__TASK BRIEF__. Nothing but the lines from the one with "Bürofläche ca 50m2" through the final line of the entries should appear in the answer, copied exactly and without pictures.

(SOURCE INFORMATION)

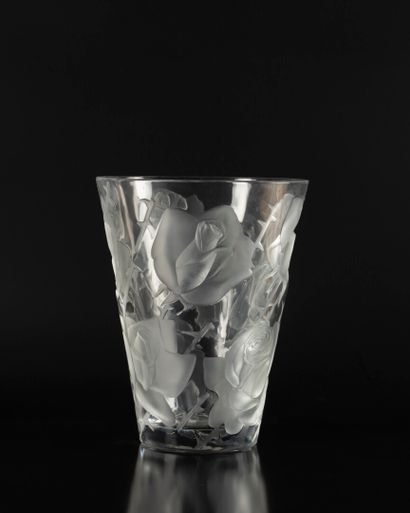 LALIQUE France
Crystal vase with frosted...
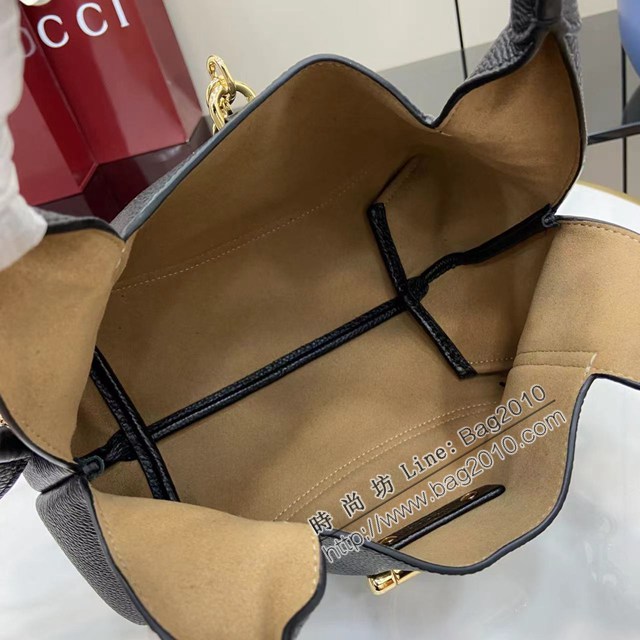 Gucci專櫃古馳最新款Softbit系列肩背包超大半馬銜扣休閒女包 jh2968型號：837333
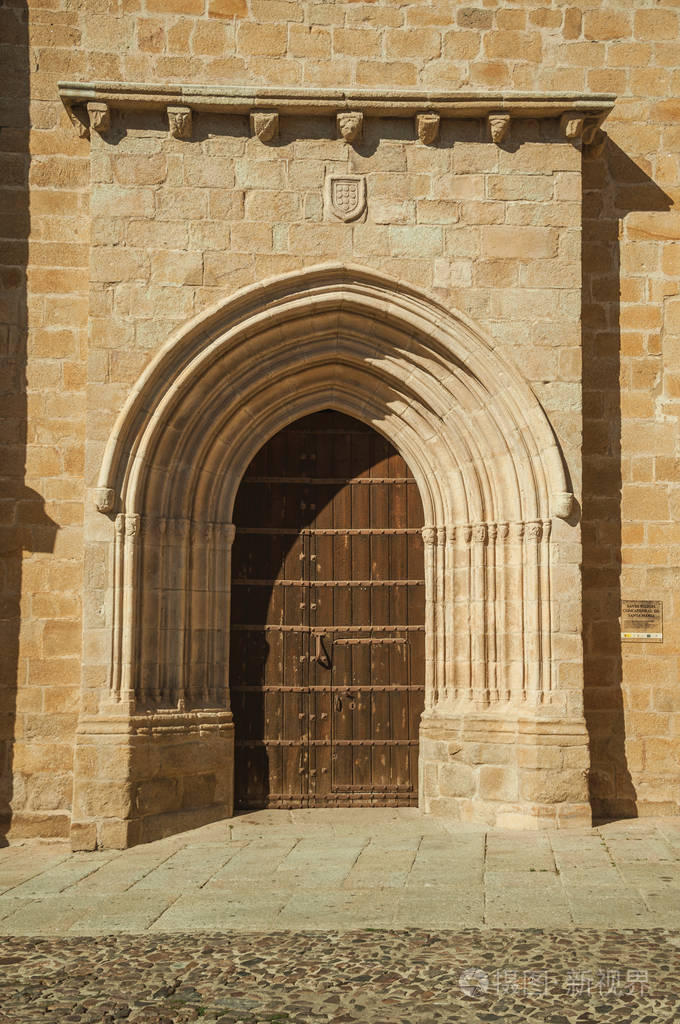 卡塞雷斯有中世纪石拱门的大木门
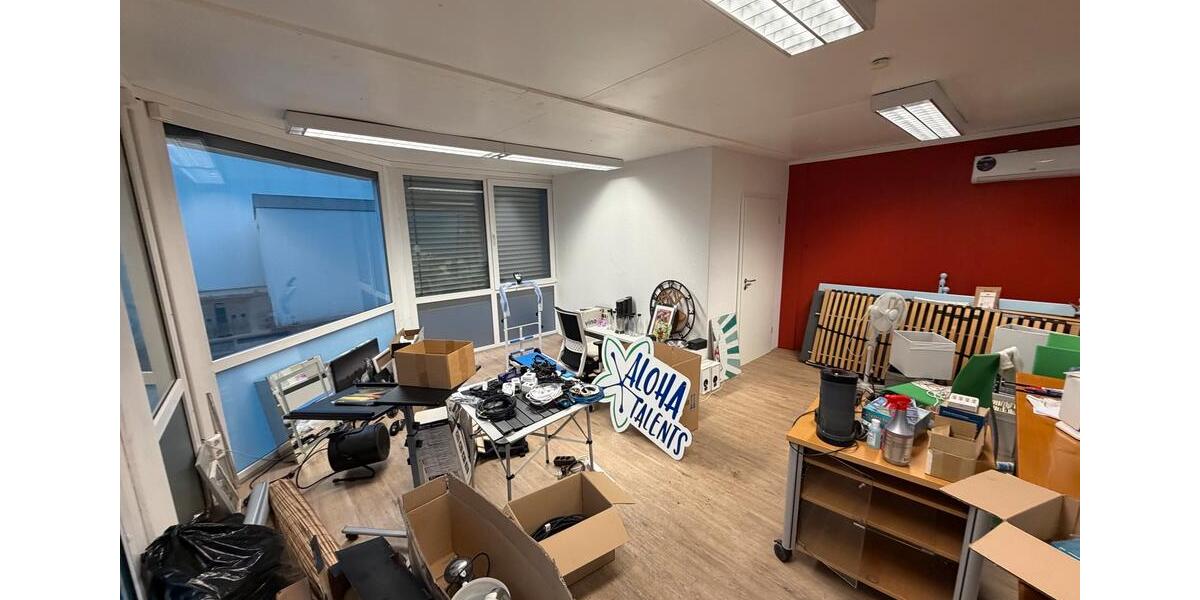 Bürofläche ca 50m2 mit Abstellraum und Klimaanlage zu vermieten zimmer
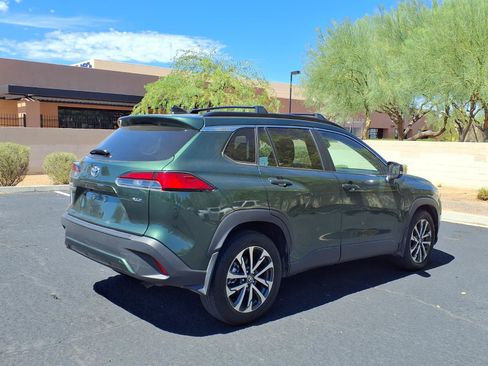 Used 2025 Toyota Corolla Cross XLE w/ Convenience Package FWD image 5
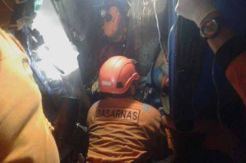 Truk Terguling Hantam Warung, Kernet Terjepit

(End SOURCE INFORMATION)

__RESPONSE TO THE TASK__.
 Bürofläche ca 50m2 mit Abstellraum und Klimaanlage zu vermieten zimmer
 Used 2025 Toyota Corolla Cross XLE w/ Convenience Package FWD image 5
 Truk Terguling Hantam Warung, Kernet Terjepit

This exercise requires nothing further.